WHAT YOU HAVE TO DO =
Exactly and only the lines from the one containing "Природоведение. Окружающий мир, книга" through the close of the entries below are to be set down.

EXERCISE DATA =
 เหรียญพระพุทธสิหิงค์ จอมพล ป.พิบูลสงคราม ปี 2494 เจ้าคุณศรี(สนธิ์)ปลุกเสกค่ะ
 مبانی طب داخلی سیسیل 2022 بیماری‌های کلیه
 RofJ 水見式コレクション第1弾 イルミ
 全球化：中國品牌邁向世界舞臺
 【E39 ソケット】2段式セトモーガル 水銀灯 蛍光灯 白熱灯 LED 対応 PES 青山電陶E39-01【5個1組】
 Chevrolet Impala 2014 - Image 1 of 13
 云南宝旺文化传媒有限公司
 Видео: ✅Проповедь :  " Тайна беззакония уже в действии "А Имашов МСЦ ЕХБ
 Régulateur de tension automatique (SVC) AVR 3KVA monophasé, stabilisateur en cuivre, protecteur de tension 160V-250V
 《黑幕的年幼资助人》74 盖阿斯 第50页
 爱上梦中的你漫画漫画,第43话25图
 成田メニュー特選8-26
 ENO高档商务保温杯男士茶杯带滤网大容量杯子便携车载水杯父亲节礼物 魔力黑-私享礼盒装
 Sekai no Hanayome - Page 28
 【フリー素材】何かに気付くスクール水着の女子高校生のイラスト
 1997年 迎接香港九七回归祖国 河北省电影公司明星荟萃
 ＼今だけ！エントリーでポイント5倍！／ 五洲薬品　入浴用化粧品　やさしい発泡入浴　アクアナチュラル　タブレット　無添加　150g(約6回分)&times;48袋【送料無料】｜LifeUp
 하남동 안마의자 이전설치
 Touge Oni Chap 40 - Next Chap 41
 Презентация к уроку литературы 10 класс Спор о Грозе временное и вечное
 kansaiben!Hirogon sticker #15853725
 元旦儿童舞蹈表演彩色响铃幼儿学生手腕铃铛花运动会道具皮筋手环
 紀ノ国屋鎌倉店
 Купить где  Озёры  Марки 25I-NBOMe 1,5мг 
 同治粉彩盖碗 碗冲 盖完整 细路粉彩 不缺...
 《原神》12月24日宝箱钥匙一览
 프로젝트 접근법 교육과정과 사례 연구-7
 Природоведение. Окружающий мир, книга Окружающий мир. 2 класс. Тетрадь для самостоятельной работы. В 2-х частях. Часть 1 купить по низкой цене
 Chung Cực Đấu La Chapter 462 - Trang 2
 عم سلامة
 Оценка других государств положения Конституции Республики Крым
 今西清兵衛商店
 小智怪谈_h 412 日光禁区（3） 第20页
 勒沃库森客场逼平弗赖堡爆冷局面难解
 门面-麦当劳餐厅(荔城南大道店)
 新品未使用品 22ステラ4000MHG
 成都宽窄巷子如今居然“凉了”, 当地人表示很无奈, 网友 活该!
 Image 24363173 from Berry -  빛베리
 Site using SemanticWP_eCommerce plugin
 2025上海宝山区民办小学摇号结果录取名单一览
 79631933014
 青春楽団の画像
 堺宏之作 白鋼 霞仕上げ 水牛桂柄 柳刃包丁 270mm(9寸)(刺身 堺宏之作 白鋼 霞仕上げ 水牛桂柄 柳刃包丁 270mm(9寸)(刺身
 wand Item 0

OUTPUT BELOW =
 Природоведение. Окружающий мир, книга Окружающий мир. 2 класс. Тетрадь для самостоятельной работы. В 2-х частях. Часть 1 купить по низкой цене
 Chung Cực Đấu La Chapter 462 - Trang 2
 عم سلامة
 Оценка других государств положения Конституции Республики Крым
 今西清兵衛商店
 小智怪谈_h 412 日光禁区（3） 第20页
 勒沃库森客场逼平弗赖堡爆冷局面难解
 门面-麦当劳餐厅(荔城南大道店)
 新品未使用品 22ステラ4000MHG
 成都宽窄巷子如今居然“凉了”, 当地人表示很无奈, 网友 活该!
 Image 24363173 from Berry -  빛베리
 Site using SemanticWP_eCommerce plugin
 2025上海宝山区民办小学摇号结果录取名单一览
 79631933014
 青春楽団の画像
 堺宏之作 白鋼 霞仕上げ 水牛桂柄 柳刃包丁 270mm(9寸)(刺身 堺宏之作 白鋼 霞仕上げ 水牛桂柄 柳刃包丁 270mm(9寸)(刺身
 wand Item 0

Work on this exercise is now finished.